Problem description: Write out, word for word and with no pictures, each line below from the one containing "Buen Proveedor OEM" through the one containing "Urokliwy dom z", both included, and no other line.

Source material:
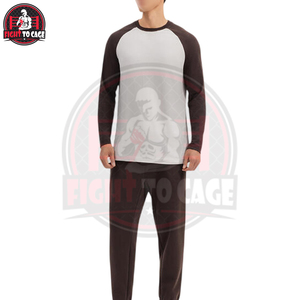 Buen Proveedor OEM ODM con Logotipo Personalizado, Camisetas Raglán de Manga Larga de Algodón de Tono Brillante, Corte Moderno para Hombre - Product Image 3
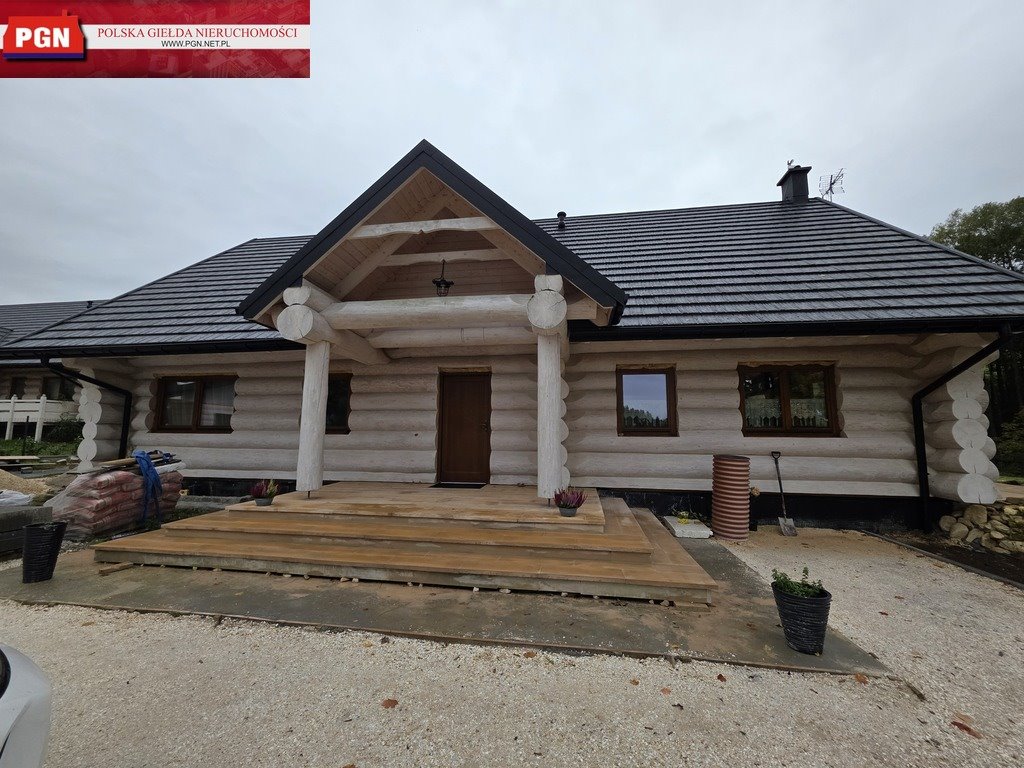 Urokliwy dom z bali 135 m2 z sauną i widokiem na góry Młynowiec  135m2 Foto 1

---

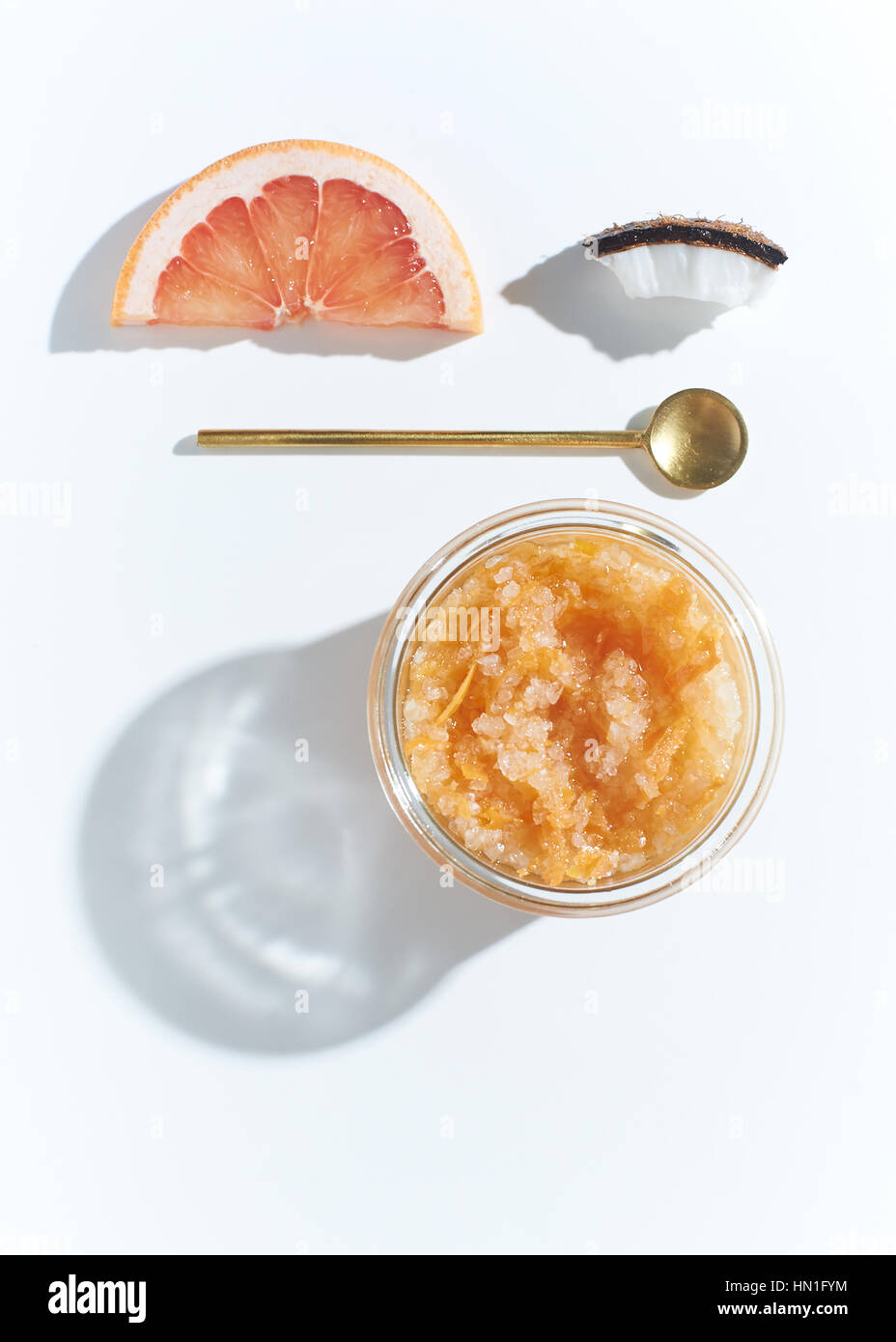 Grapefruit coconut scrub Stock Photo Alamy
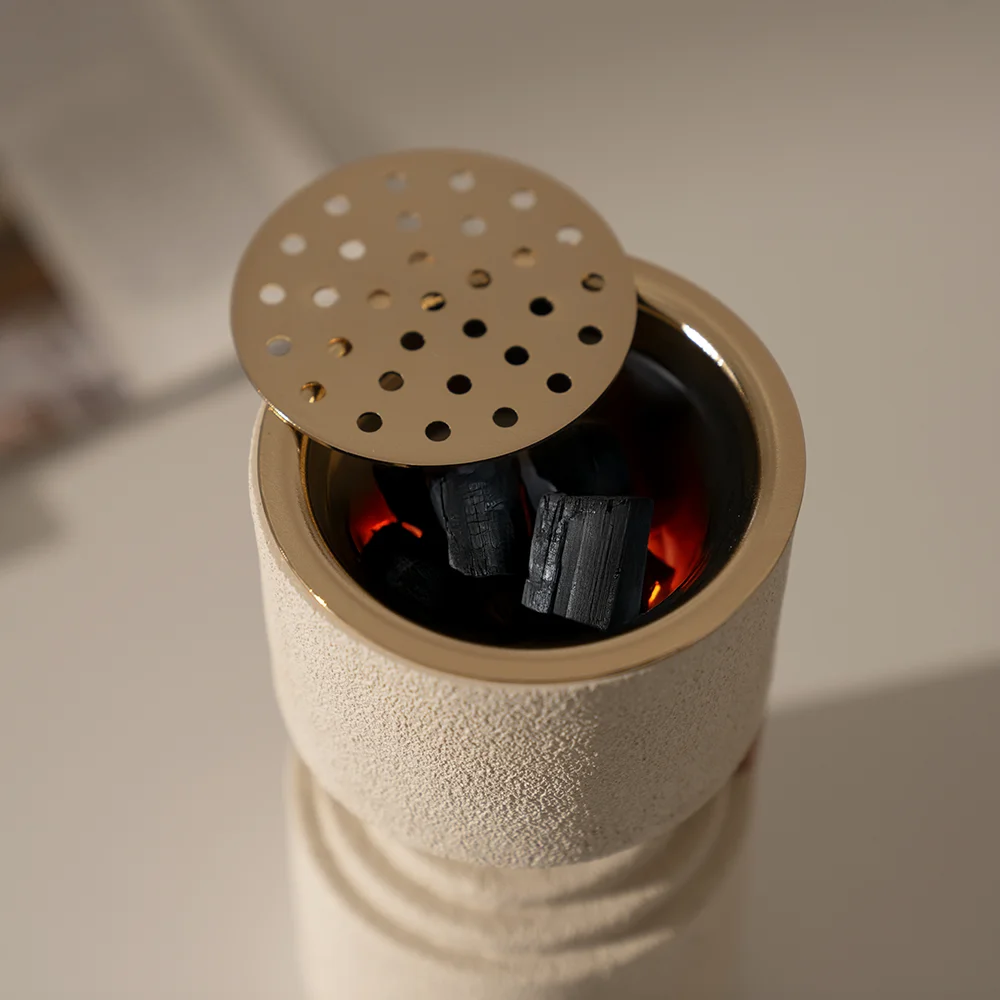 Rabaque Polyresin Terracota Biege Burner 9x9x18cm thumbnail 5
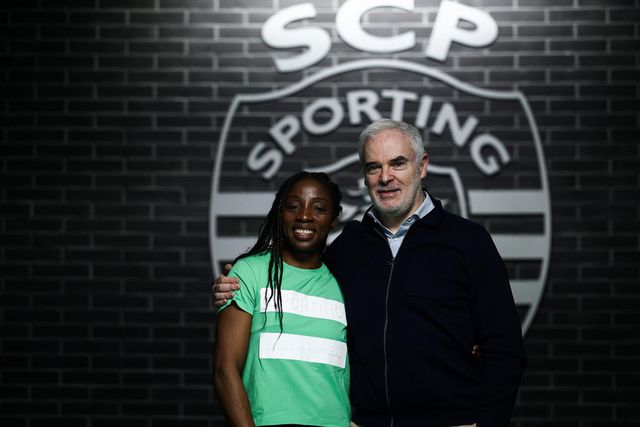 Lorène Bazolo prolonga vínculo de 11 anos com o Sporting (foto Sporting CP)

Answer box:
 Buen Proveedor OEM ODM con Logotipo Personalizado, Camisetas Raglán de Manga Larga de Algodón de Tono Brillante, Corte Moderno para Hombre - Product Image 3
 Urokliwy dom z bali 135 m2 z sauną i widokiem na góry Młynowiec  135m2 Foto 1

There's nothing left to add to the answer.